En contrepartie, voilà la troisième étape, les magouilleurs vont octroyer à l’épargnant un « prêt » qu’il n’aura pas à rembourser dans les faits : effectivement, c’est son capital de retraite qui lui revient, mais amputé des intérêts prélevés en totalité sur-le-champ. Par exemple, si le montant du REER ainsi investi en actions s’élève en 100 000 $, l’épargnant bénéficiera d’un « prêt » d’un montant équivalent, moins les intérêts. Imaginons que ces intérêts sont de 5 % et que la durée de l’« emprunt » est de sept ans : l’épargnant devra débourser tout de suite quelque 35 000 $ (5 % x 100 000 $ x 7 ans), qui iront aux instigateurs de cette transaction. Il ne lui restera donc que 65 000 $.

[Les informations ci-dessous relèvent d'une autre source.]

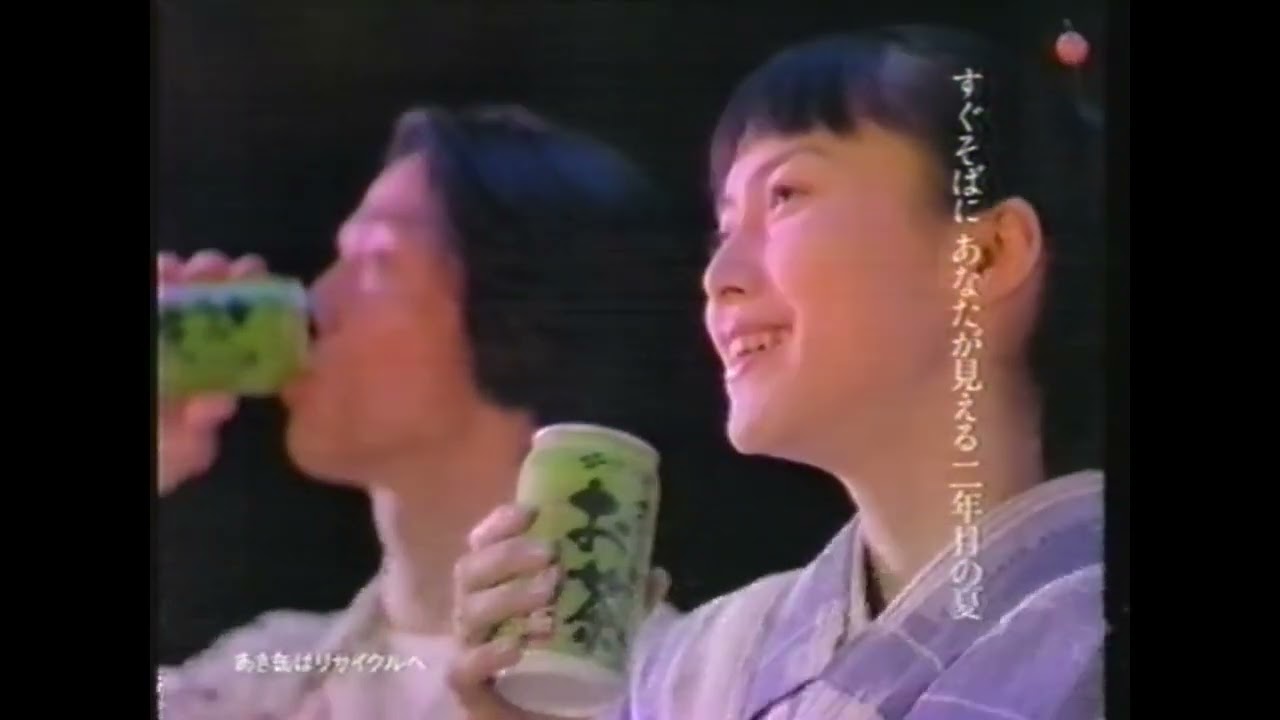 OHK『僕らに愛を!』再放送でのローカルCM ① (1996.7.1 中谷美紀『STRANGE PARADISE』起用 お～いお茶 伊藤園＋ビブレ情熱バーゲン)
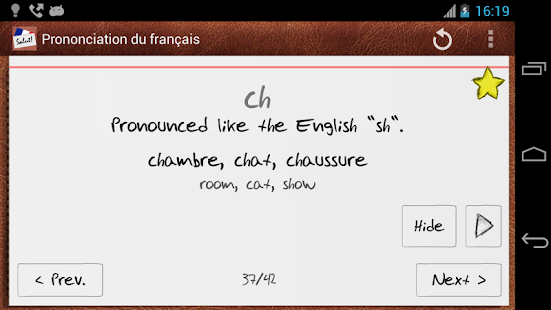 French Lessons FREE(圖7)-速報App
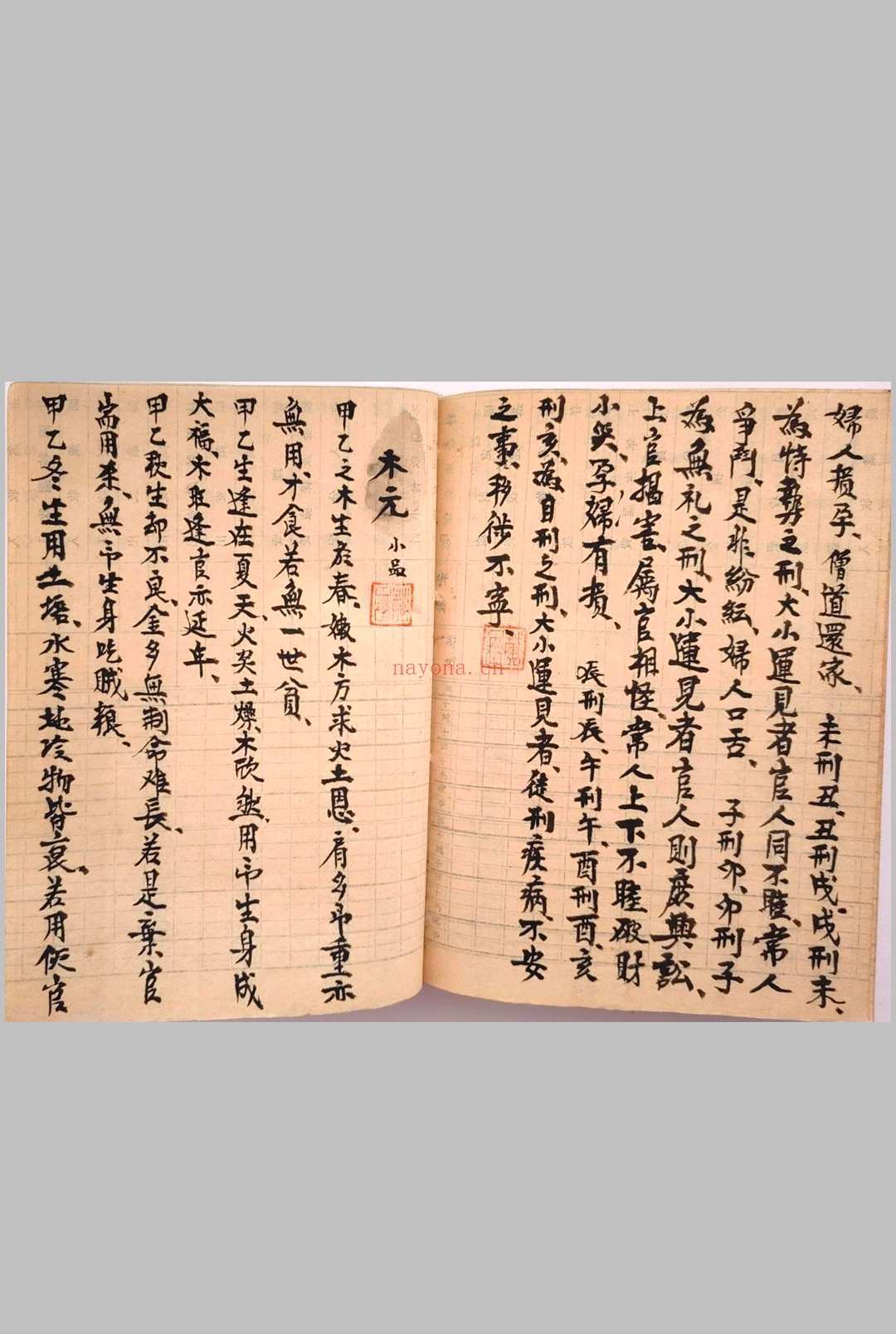 《富贵在天》命理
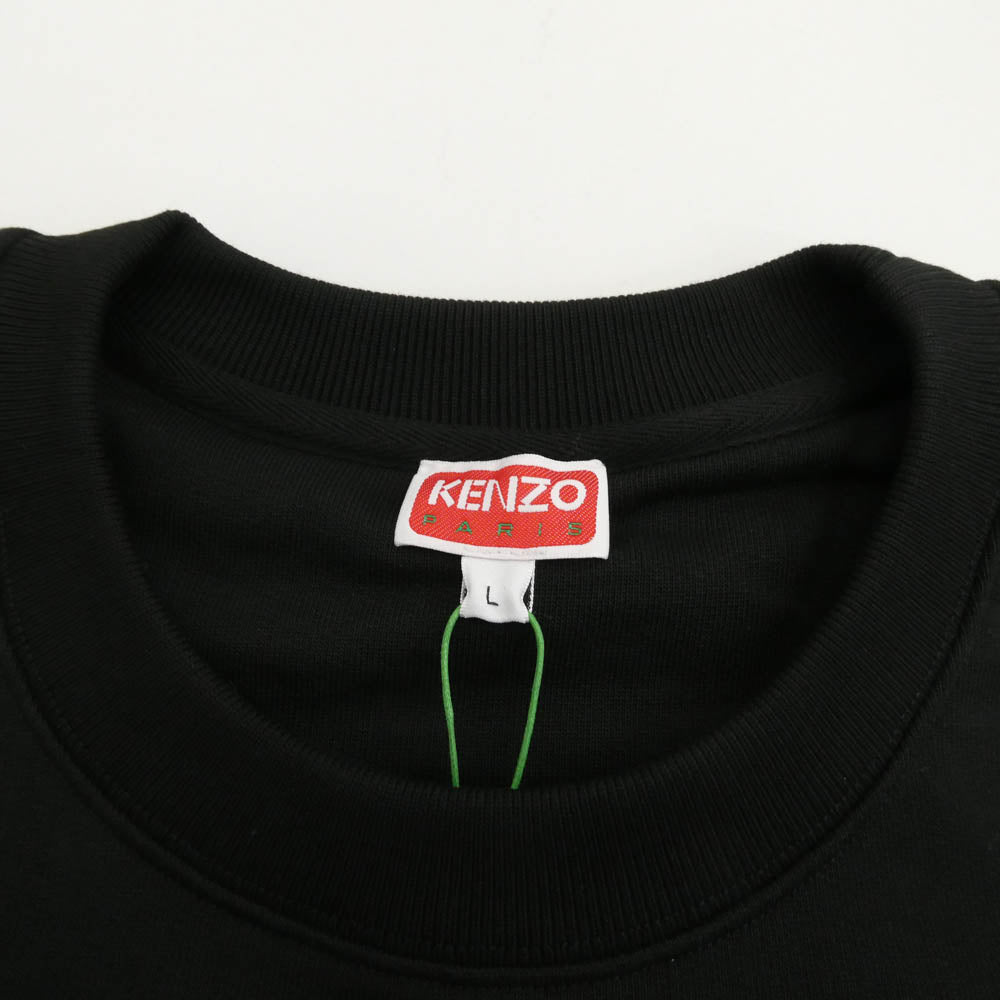 KENZO ケンゾー FF65SW2654MF HAPPY TIGER EMBROIDERED SWEATSHIRT ハッピータイガー エンブロイダリー スウェットシャツ ブラック系【極上美品】【中古】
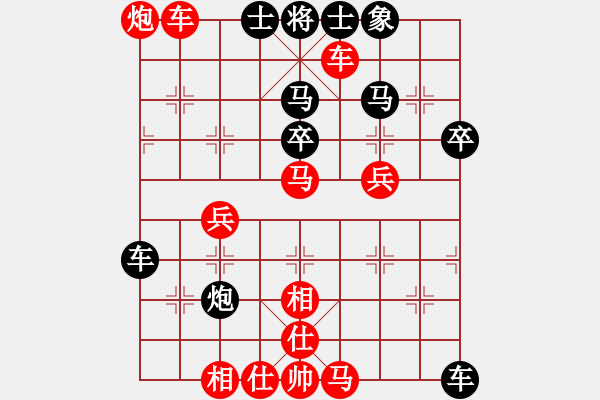 象棋棋譜圖片：wgp 先勝 北方(9-1) - 步數(shù)：70 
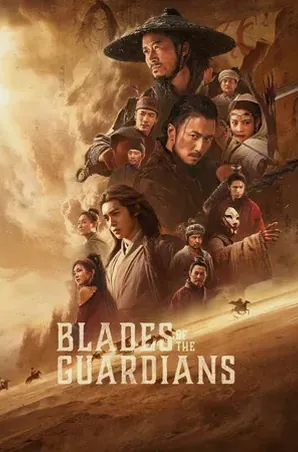 blades-of-the-guardians-2026-ยอดยุทธดาบไร้พ่าย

Imaginons encore que les autorités fiscales s’aperçoivent du subterfuge, ce qui est tout à fait probable, et qu’elles viennent réclamer l’impôt requis, une autre tranche de 35 000 $ peut s’envoler et, en fin de compte, l’épargnant n’aura plus en poche que 30 000 $ (soit 65 000 $ – 35 000 $), ou 30 % seulement du capital de retraite qu’il avait accumulé.

Oublis ? Négligences ?

Des enquêtes ont été menées sur des cas semblables, des individus et des sociétés ont été l’objet de poursuites, des condamnations à une amende parfois élevée ont été prononcées.

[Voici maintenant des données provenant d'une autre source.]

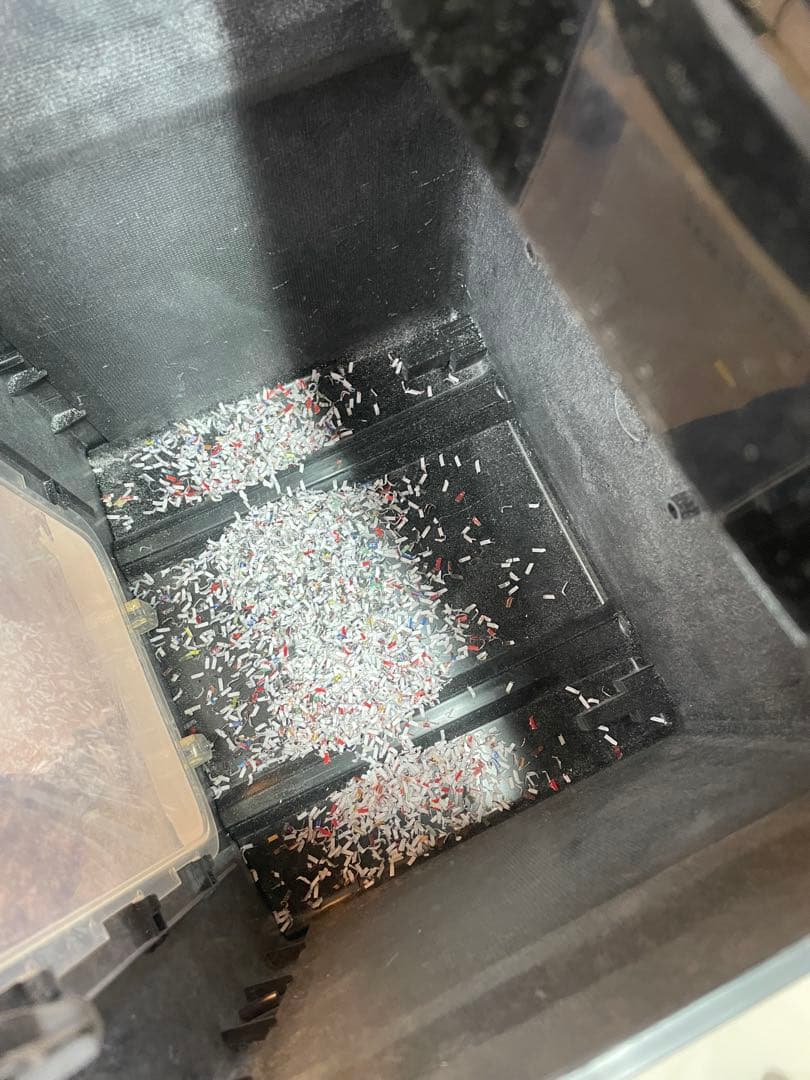 bonsaii シュレッダー 業務用 電動 120分間連続細断 細密 4S23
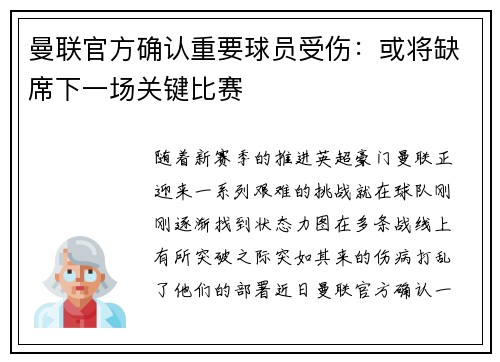 曼联官方确认重要球员受伤：或将缺席下一场关键比赛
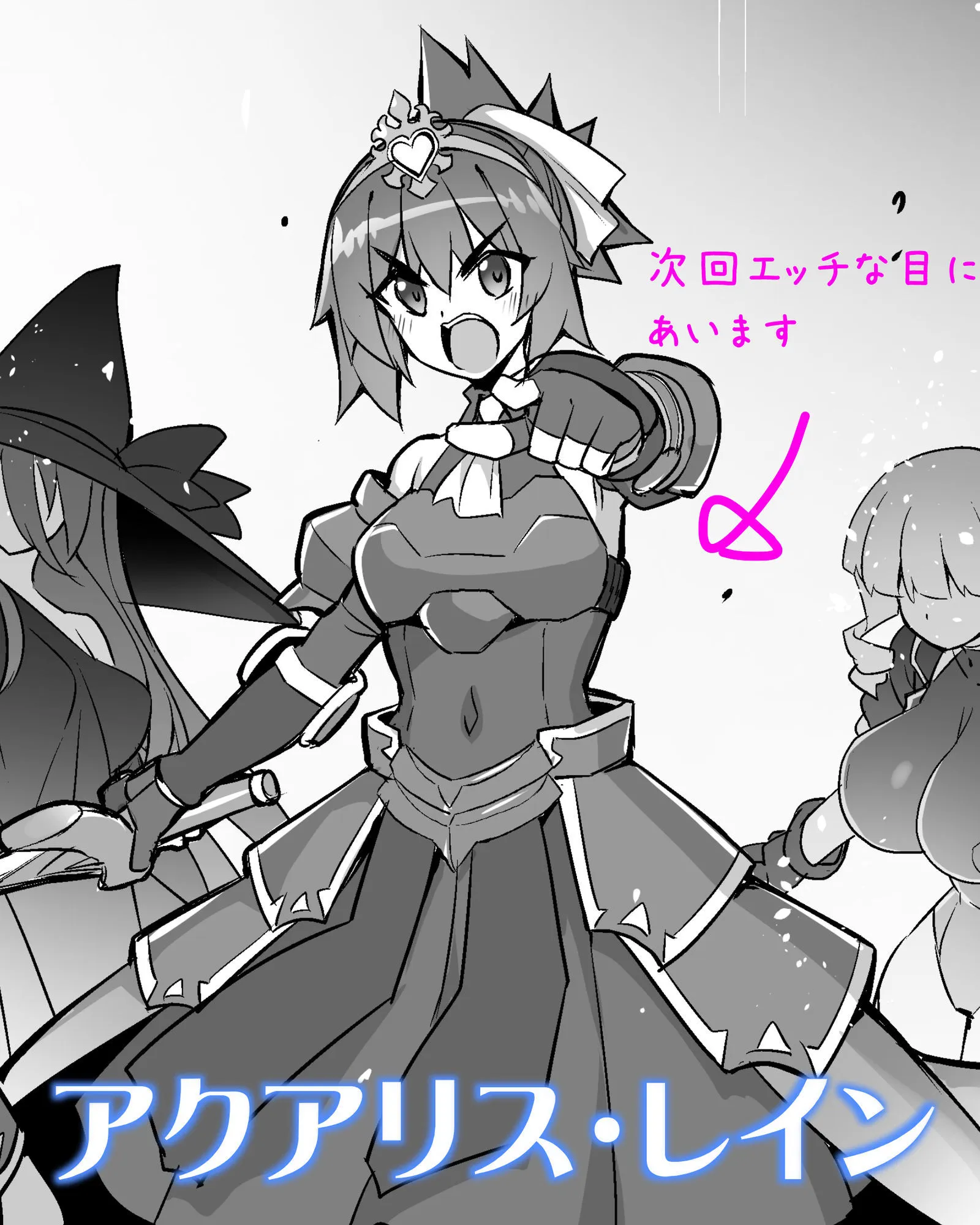 魔法少女は淫欲に堕ちる  色欲のアモディマ誕生編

De l’analyse de ces dossiers, il ressort que les épargnants « crédules » qui ont fait appel à ces arnaqueurs ont manqué de vigilance et à maints égards :

  • Ils n’ont pas pris soin de vérifier si les « professionnels » avec qui ils faisaient affaire détenaient un permis en règle de la Commission des valeurs mobilières du Québec, la CVMQ ; ils n’ont demandé à ces professionnels aucun avis écrit sur la légalité de la transaction proposée ;
  • Ils ont acheté des actions sans s’assurer que la société émettrice avait dûment déposé auprès de la CVMQ son prospectus, ou encore une notice d’offre, exigée à l’égard de placements restreints (c’est-à-dire des titres offerts à moins de 50 investisseurs) ou qu’elle avait obtenu une dispense ;
  • Ils ont investi des sommes considérables dans des actions de sociétés qui ne possèdent aucun élément d’actif sérieux, donc sans valeur ; la possibilité de revente de ces titres est souvent nulle : qui voudrait acheter des actions d’une société privée, non inscrite à la bourse et totalement inconnue du public ?
  • Et, de plus, si les actions détenues dans le REER ont été offertes en garantie du prêt, celles-ci deviennent imposables à l’instar d’un retrait. Un juriste ou un fiscaliste leur aurait indiqué ceci s’ils avaient pris le temps de consulter.

Revenu Québec et la CVMQ multiplient les avertissements, en exhortant les investisseurs à la prudence. La quasi-totalité des conseillers et planificateurs financiers sont honnêtes. Il existe malheureusement des fripouilles qui affirment pouvoir « vider » votre REER. C’est vrai. Ces gens-là peuvent le vider… La prudence s’impose.

* Il existe d’autres situations plus particulières qui permettent d’effectuer le retrait d’un REER sans incidence fiscale. Ces cas sont exceptionnels et nécessitent l’intervention d’un spécialiste (fiscaliste ou autre). Nous ne pouvons que recommander à quiconque serait tenté d’effectuer une démarche de cette nature d’être très vigilant.